Thursday, June 17, 2010

2000 Years of Art but Apple Knows Best - Update

Perhaps sense does prevail in Appleworld after all. We wrote previously about Apple censorship of comic nudity in a new rendition of James Joyce's Ulysses and pointed out that Apple’s obsessive control of content could mean that art as we have known it over the centuries would be banned from the iPad. It was ironic that last night we watch a programme on the Italian Renaissance and the works of the likes of Michelangelo and wondered what those censors would make of these paintings, or for that matter the horrors of other works such as Goya.

Today marks the worldwide celebration of all things Joyce and Ulysses and as if on queue, AppleWorld censors have decided to allow the nude pictures in Throwaway Horse's graphic novel version of the book.
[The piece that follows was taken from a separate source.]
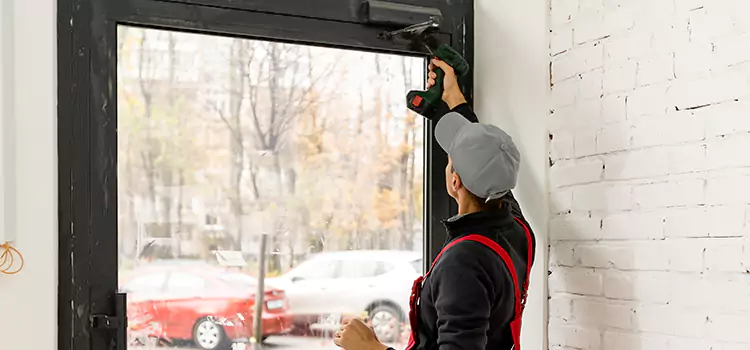 Comprehensive Door Closer Services in Saint-Raymond, QC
The Apple folk had obviously seen the day in the diaries and realised it was a good day to turn a PR nightmare into a quick or quiet win.

The publisher is widely quoted that they have been told by Apple "that they made a mistake in establishing guidelines that were too rigid to allow for artistic growth". "We made a mistake," Apple spokeswoman Trudy Muller told the Washington Post, adding that when the comic's art was brought to Apple's attention, it "called the developers and offered them the opportunity to resubmit". "[Ulysses is] now in the store with the original panel drawings," she said.

The Ulysses chapter may now be closed but the questions still remain as to what the censor accepts as acceptable and fit for iPad consumption. The rigid control by geeks reading scripted rules begs the question of how many more times Apple’s rules will be tested before common sense prevails and the effort is redirected to more productive activity.